### Extracted data

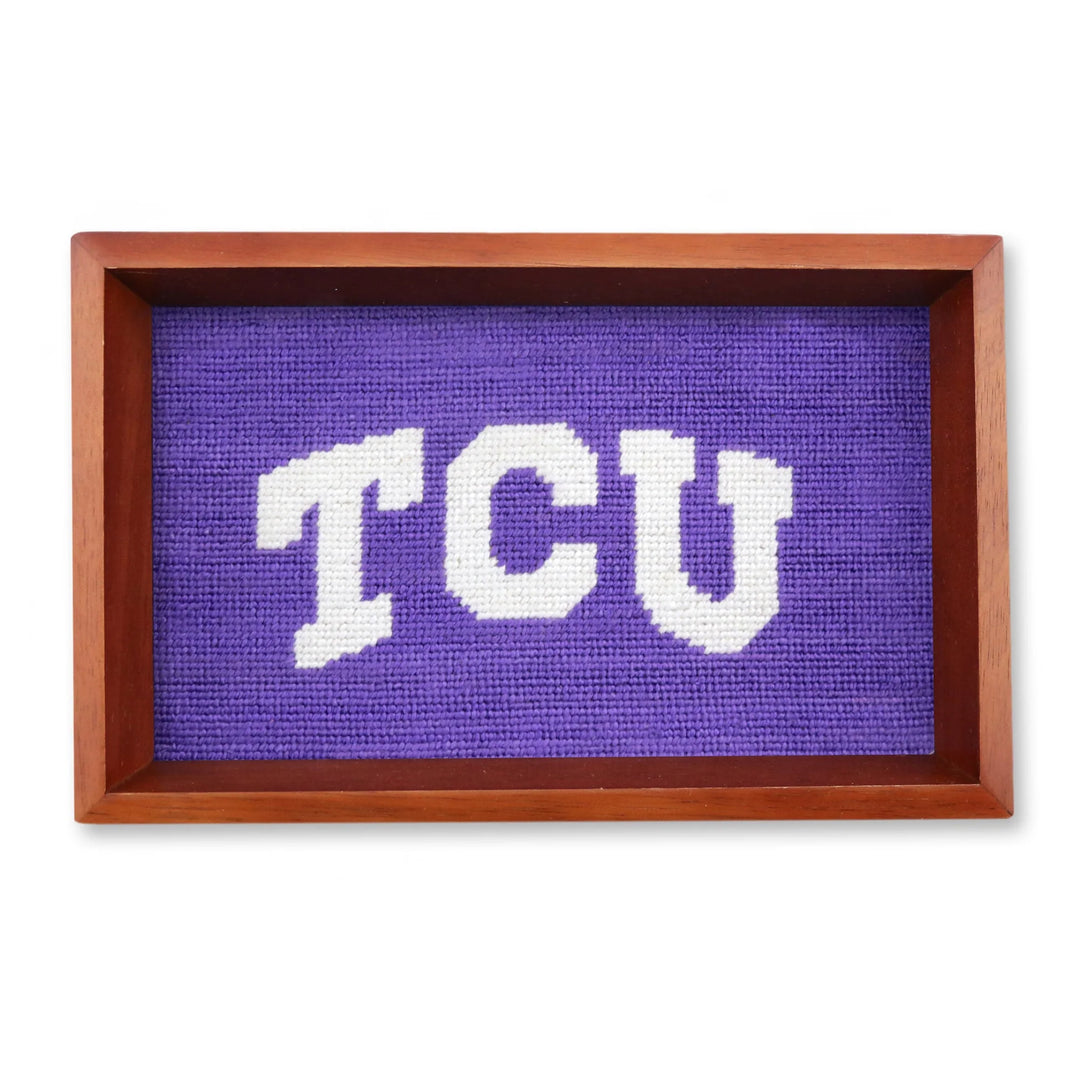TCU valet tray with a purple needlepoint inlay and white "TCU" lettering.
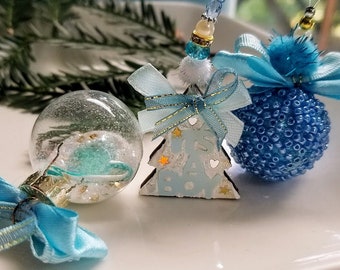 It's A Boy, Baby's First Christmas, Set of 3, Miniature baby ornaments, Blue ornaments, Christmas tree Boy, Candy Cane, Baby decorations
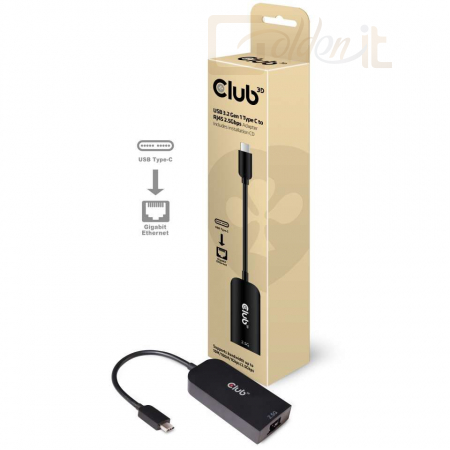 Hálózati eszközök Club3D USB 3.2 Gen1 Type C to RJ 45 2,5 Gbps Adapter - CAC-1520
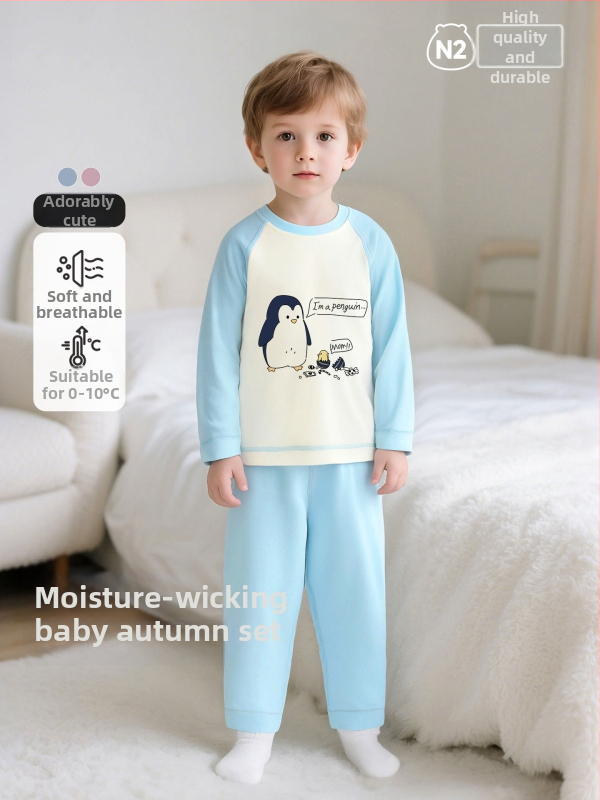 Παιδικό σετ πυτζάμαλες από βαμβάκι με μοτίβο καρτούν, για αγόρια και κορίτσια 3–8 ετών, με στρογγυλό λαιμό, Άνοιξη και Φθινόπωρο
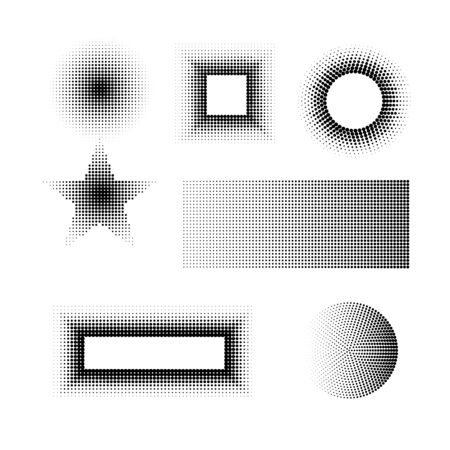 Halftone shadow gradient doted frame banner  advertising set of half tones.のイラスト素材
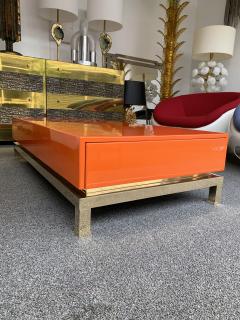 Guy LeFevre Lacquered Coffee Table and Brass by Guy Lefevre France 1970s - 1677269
* * *
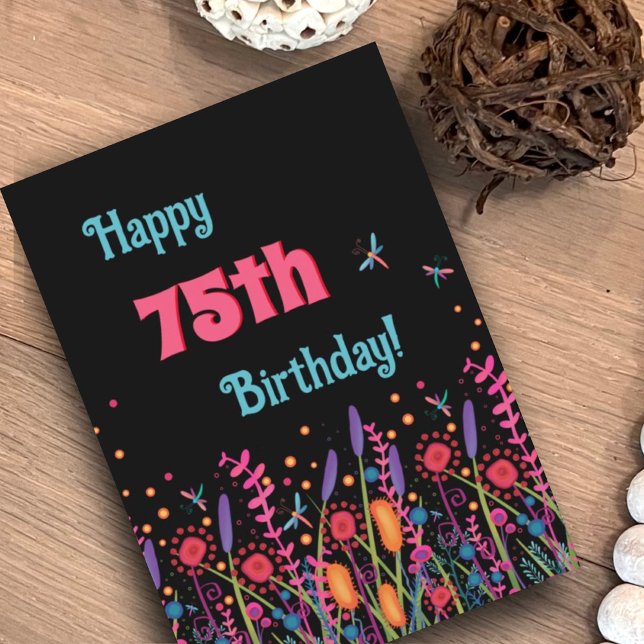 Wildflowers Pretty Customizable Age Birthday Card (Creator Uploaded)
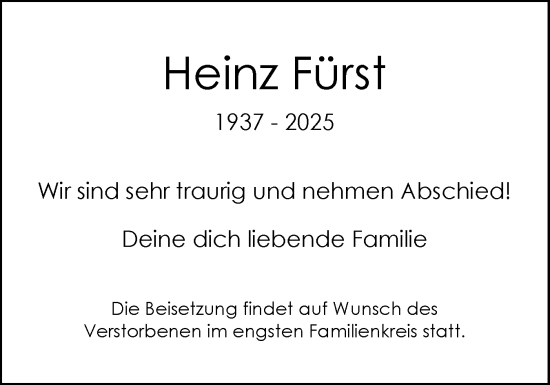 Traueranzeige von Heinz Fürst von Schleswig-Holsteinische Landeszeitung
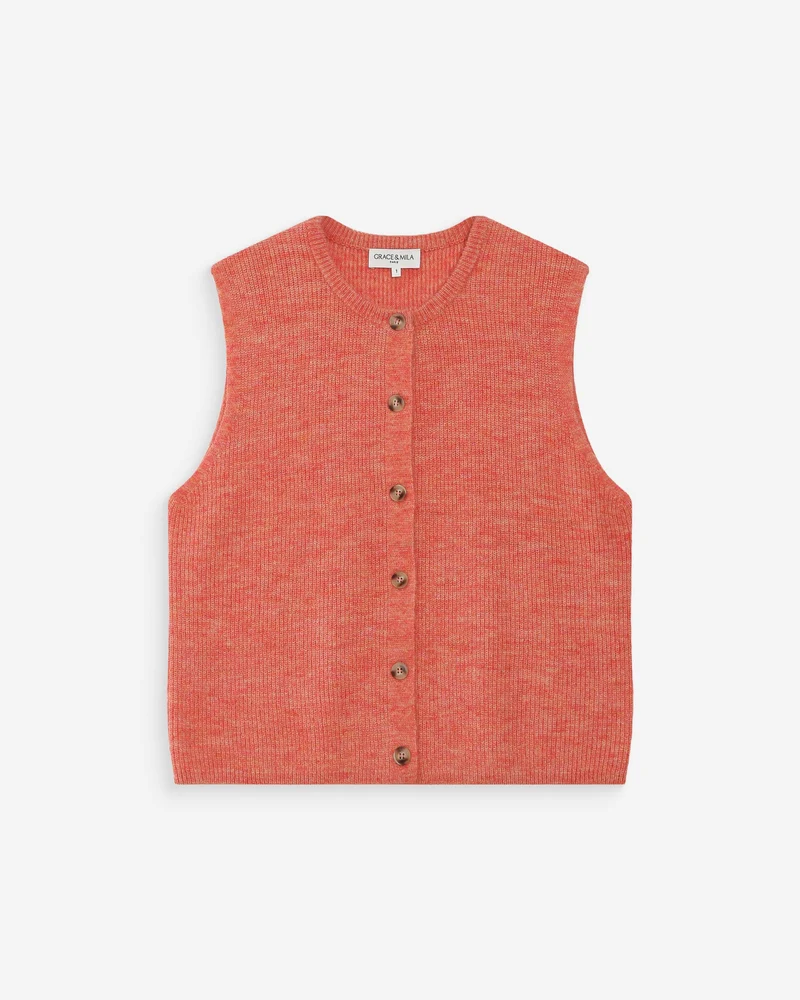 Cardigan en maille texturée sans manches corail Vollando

### Work item
In the entries above, find the line containing "It's A Boy, Baby's" and the line containing "Guy LeFevre Lacquered", then copy both and every line between them exactly, without any picture.

### Result for this exercise
 It's A Boy, Baby's First Christmas, Set of 3, Miniature baby ornaments, Blue ornaments, Christmas tree Boy, Candy Cane, Baby decorations
 Hálózati eszközök Club3D USB 3.2 Gen1 Type C to RJ 45 2,5 Gbps Adapter - CAC-1520
 Παιδικό σετ πυτζάμαλες από βαμβάκι με μοτίβο καρτούν, για αγόρια και κορίτσια 3–8 ετών, με στρογγυλό λαιμό, Άνοιξη και Φθινόπωρο
 Halftone shadow gradient doted frame banner  advertising set of half tones.のイラスト素材
 Guy LeFevre Lacquered Coffee Table and Brass by Guy Lefevre France 1970s - 1677269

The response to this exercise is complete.